__PROBLEM REQUIREMENTS__
Within the records below, repeat each line exactly but keep every picture out of the copy.

(Collected data)
- - - - -
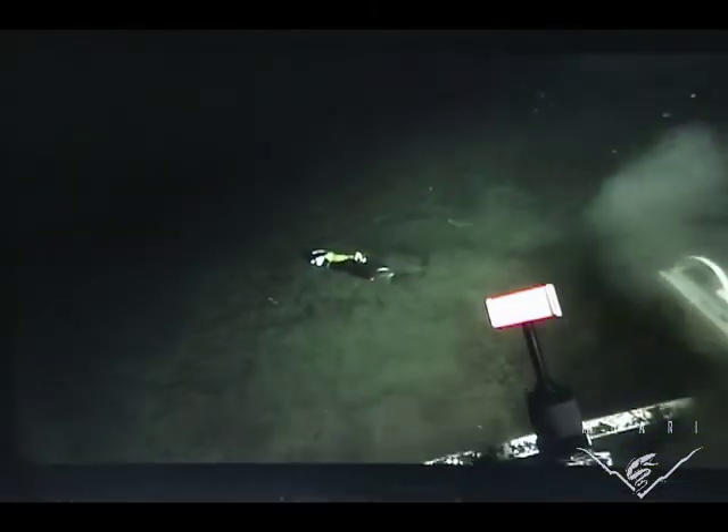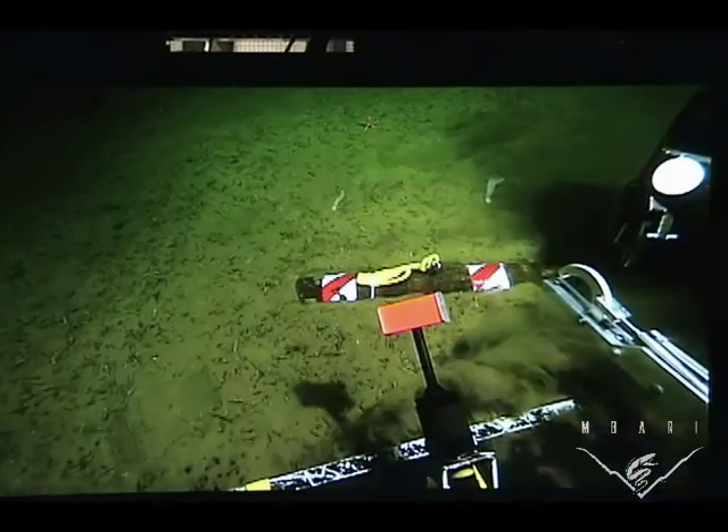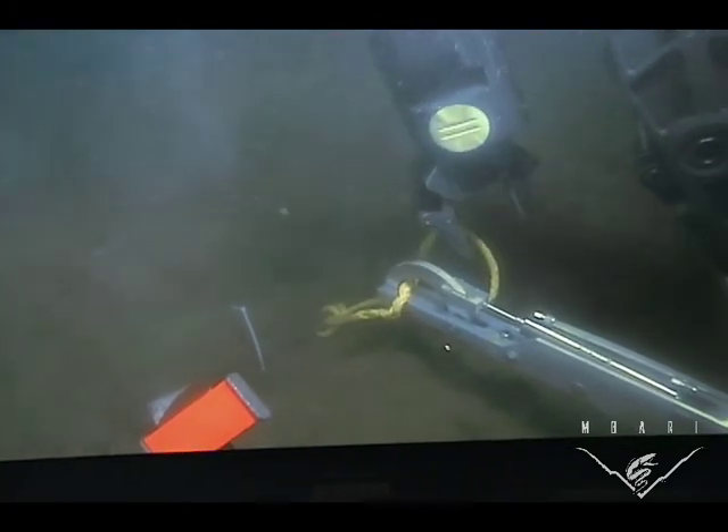And since we are in the sanctuary in Monterey Bay, we can't leave anything behind, so we built this special arm to recover the drop weight, which you see being done here.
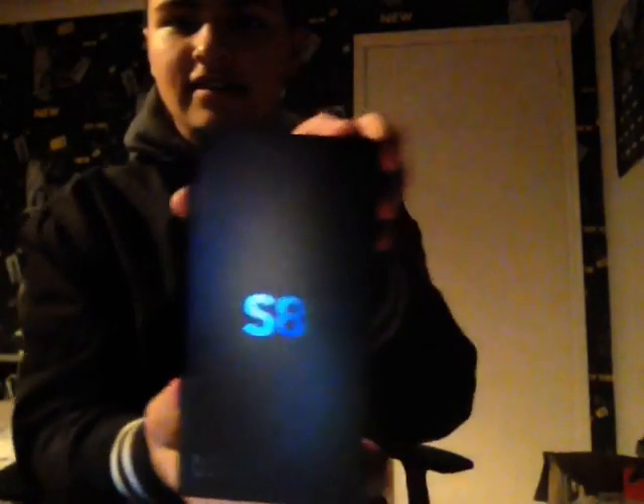Hey, what is happening guys? In today's video, I am going to be unboxing the Samsung Galaxy S8.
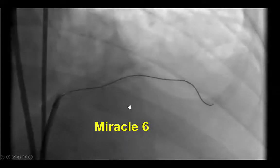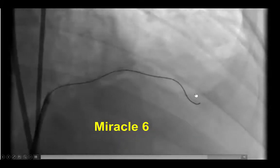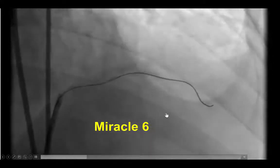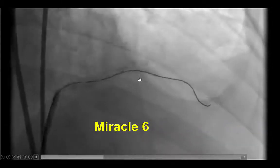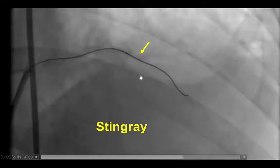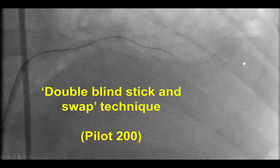We were then able to advance the guide wire to the distal vessel. We can see from the calcium in the vessel that there is movement of the wire in sync with the mid-LAD. We advanced a stiff Miracle 6 wire, which is very good for delivering the Stingray balloon, especially in cases with tortuosity and calcification. After significant difficulty and having to predilate the segment several times with small 1.2 and 1.5 mm balloons, we were able to advance the Stingray balloon next to the anticipated re-entry zone.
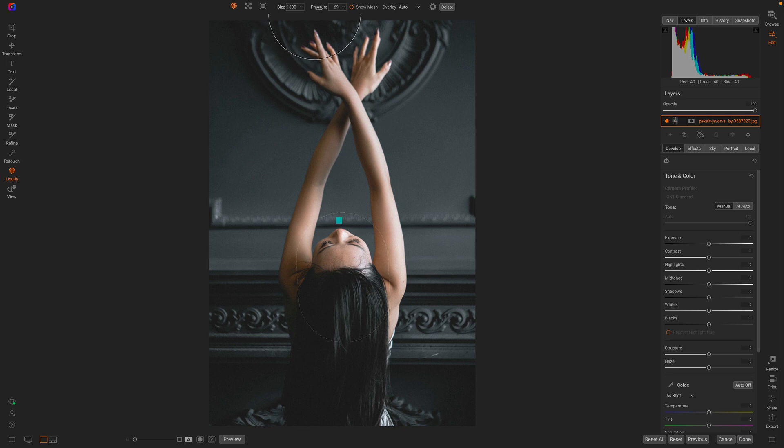Like I showed you before, I can adjust with the pressure control how strong that adjustment is, and with the size control I can control how big the brush stroke was. I could even move it around if I needed to, until I get just the perfect adjustment. That's the crazy thing about having a completely re-editable, non-destructive Liquify tool — you can go back at any time and adjust everything that you've done. Thanks for watching.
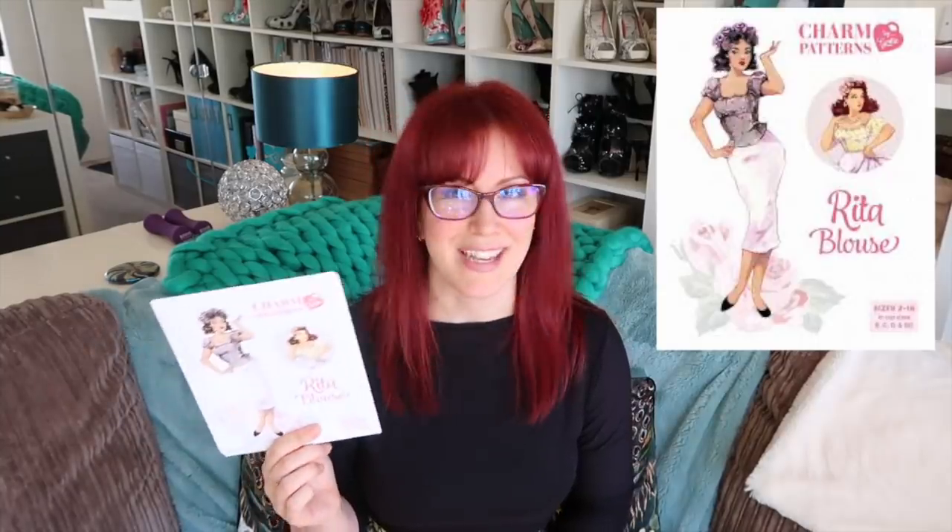Next up we have the Charm Patterns Rita blouse. I've seen Jane from Essex make a few of these recently and they look amazing on her — I really need to pull my finger out and make these. They're good for rayon challis, cotton lawn, batiste, poplin, satin, and if you're feeling up for a more challenging fabric, lightweight silk like crepe de chine also works. Gertie's just released a bishop sleeve extension on her Patreon so if you're a member you'll have the sleeve extension for this pattern — she made it up in lace which looks really pretty. I've also seen people make these out of stretch fabric, and somebody made one from an old band t-shirt which looked really cool.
- - - - -
__TASK RESULT__
And since we are in the sanctuary in Monterey Bay, we can't leave anything behind, so we built this special arm to recover the drop weight, which you see being done here.
Hey, what is happening guys? In today's video, I am going to be unboxing the Samsung Galaxy S8.
We were then able to advance the guide wire to the distal vessel. We can see from the calcium in the vessel that there is movement of the wire in sync with the mid-LAD. We advanced a stiff Miracle 6 wire, which is very good for delivering the Stingray balloon, especially in cases with tortuosity and calcification. After significant difficulty and having to predilate the segment several times with small 1.2 and 1.5 mm balloons, we were able to advance the Stingray balloon next to the anticipated re-entry zone.
Like I showed you before, I can adjust with the pressure control how strong that adjustment is, and with the size control I can control how big the brush stroke was. I could even move it around if I needed to, until I get just the perfect adjustment. That's the crazy thing about having a completely re-editable, non-destructive Liquify tool — you can go back at any time and adjust everything that you've done. Thanks for watching.
Next up we have the Charm Patterns Rita blouse. I've seen Jane from Essex make a few of these recently and they look amazing on her — I really need to pull my finger out and make these. They're good for rayon challis, cotton lawn, batiste, poplin, satin, and if you're feeling up for a more challenging fabric, lightweight silk like crepe de chine also works. Gertie's just released a bishop sleeve extension on her Patreon so if you're a member you'll have the sleeve extension for this pattern — she made it up in lace which looks really pretty. I've also seen people make these out of stretch fabric, and somebody made one from an old band t-shirt which looked really cool.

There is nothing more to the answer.